How much does a direct phone call cost?


----------



## Burl (Jan 2, 2008)

When I needed parts from USAT, I was told not to bother with phone calls or emails, but fax them the part numbers you wanted. I always put my credit card info & shipping address in the same sheet. Worked like a charm. I think there are web-services that will send a fax for you.

PS. I use a separate credit card just for internet purchases, for the obvious security reasons.


----------



## Stefan (Dec 20, 2008)

Paul, english is not my motherlanguage and a phone call is the final option only. It is not the money that makes me hesitating to call.


----------



## Treeman (Jan 6, 2008)

We have pretty good luck getting parts from USA Trains. They will ship to us no shipping charge. We can then ship to you USPS. Write [email protected]


----------



## Greg Elmassian (Jan 3, 2008)

Once you get the replacement gears, you should track down why they failed. Most likely the "cracked axles", concentrating too much force on too few axles... overload. 
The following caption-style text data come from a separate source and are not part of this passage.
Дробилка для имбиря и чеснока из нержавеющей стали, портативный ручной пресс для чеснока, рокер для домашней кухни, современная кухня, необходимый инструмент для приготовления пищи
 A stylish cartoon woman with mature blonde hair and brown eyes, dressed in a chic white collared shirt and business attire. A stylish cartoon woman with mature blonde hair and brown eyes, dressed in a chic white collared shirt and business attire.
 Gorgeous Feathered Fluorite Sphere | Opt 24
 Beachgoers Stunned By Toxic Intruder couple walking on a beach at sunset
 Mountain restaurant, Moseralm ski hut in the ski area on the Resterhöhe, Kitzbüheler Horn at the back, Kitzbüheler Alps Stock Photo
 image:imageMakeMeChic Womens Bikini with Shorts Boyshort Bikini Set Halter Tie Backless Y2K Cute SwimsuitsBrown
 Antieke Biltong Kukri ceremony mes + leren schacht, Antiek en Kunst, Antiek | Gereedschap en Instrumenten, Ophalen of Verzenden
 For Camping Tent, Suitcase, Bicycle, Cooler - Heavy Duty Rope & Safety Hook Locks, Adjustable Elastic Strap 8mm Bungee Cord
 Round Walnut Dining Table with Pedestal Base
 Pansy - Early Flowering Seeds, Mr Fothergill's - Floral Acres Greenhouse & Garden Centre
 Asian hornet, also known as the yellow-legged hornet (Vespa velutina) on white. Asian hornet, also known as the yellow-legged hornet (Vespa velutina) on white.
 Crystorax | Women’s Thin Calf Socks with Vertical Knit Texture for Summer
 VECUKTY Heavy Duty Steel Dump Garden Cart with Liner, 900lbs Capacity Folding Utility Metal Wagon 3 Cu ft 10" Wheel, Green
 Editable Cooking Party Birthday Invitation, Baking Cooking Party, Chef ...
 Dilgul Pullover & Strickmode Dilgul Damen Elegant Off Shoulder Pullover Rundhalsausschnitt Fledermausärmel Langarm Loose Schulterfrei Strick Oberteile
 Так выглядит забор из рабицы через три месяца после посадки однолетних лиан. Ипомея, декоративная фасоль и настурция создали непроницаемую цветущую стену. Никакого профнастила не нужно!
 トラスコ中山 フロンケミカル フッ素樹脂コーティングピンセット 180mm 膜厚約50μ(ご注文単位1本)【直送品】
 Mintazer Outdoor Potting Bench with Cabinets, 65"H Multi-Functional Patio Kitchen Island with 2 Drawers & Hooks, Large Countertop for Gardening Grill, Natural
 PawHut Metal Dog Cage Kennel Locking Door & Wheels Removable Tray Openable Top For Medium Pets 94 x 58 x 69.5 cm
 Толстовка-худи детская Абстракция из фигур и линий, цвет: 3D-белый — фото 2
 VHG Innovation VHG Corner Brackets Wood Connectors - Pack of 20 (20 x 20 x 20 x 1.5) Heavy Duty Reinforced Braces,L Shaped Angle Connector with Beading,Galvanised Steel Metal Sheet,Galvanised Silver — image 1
Also these need regular lubrication.

Greg


----------



## Stefan (Dec 20, 2008)

Mike: thanks for the great offer, I will send an email to renee.

Greg: You are absolutely right. For many years I had a 5.5% grade on
my layout. After redesigning the area I have been able to flaten the "hill" and reduce the grade to 2.5%. I am sure this will make a huge difference.


----------



## Greg Elmassian (Jan 3, 2008)

If that gear has a number of years at a 5.5% grade, that makes sense.

You should check the bearings in the sideframes, they are probably worn too.. if not too badly, you can rotate the bushings 90 degrees, the most wear is at the top.

Greg


----------



## Stefan (Dec 20, 2008)

Thanks Greg, didn't do that yet. I will check them.


----------